Exercise goal: Pictures stay out of the copy. Transcribe exactly, and only, the line with "this 250×188 image." through the last line of the entries below.

─── Records for this exercise ───

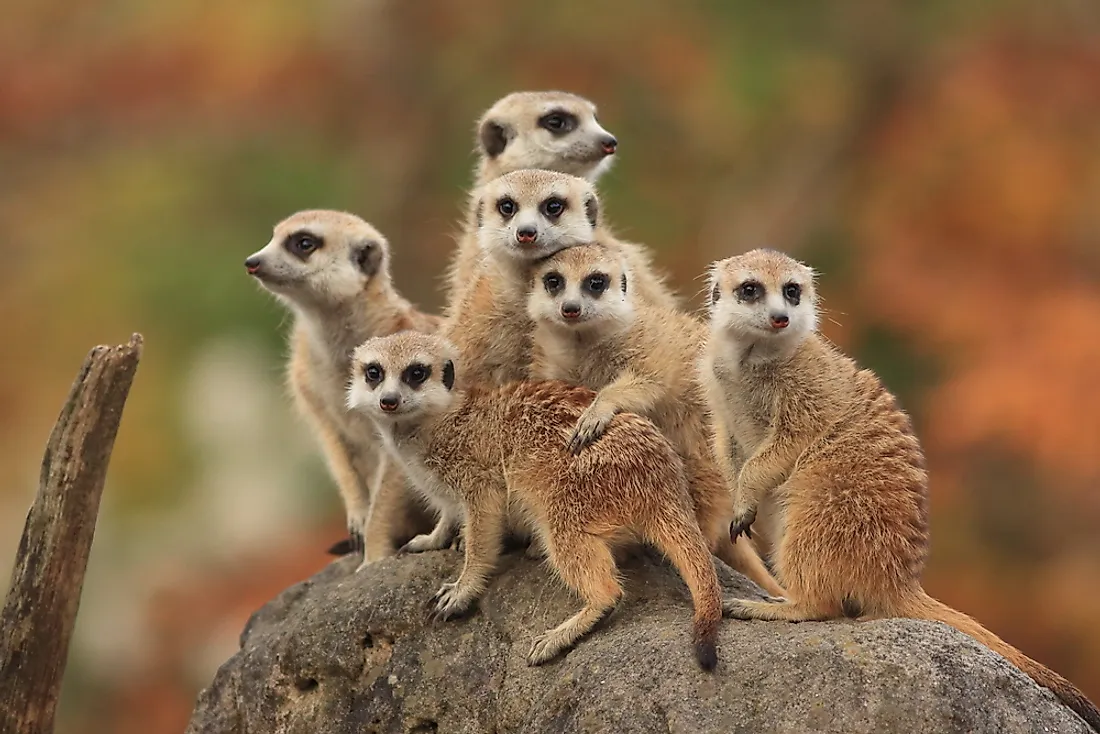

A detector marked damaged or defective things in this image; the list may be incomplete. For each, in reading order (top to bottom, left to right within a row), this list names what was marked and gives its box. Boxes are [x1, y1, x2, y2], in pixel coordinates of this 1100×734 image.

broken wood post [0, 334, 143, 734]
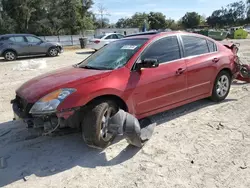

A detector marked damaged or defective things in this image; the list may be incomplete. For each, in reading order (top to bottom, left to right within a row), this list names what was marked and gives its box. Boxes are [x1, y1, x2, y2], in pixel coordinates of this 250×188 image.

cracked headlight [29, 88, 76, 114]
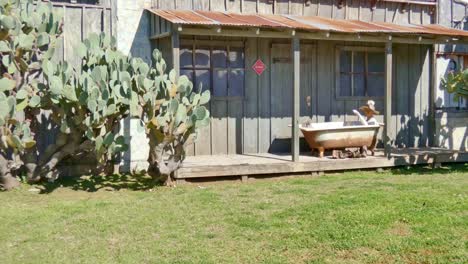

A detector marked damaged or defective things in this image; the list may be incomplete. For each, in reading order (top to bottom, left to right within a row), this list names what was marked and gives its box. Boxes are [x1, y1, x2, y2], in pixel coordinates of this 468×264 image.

───

Task result:
A detector marked damaged or defective things in this image; the list may be incomplete. For each, in reading order (top to bottom, left to right within a row), this list names what was marked and gives its box. Boxes are [x1, y1, x2, y2], in pixel coordinates of this 250×188 image.

cracked headlight [29, 88, 76, 114]

A detector marked damaged or defective things in this image; the list may be incomplete. For each, in reading order (top to bottom, left to right within a row), this list names what was marked and gives its box. Boxes are [x1, y1, x2, y2], in pixel coordinates of this 468×264 image.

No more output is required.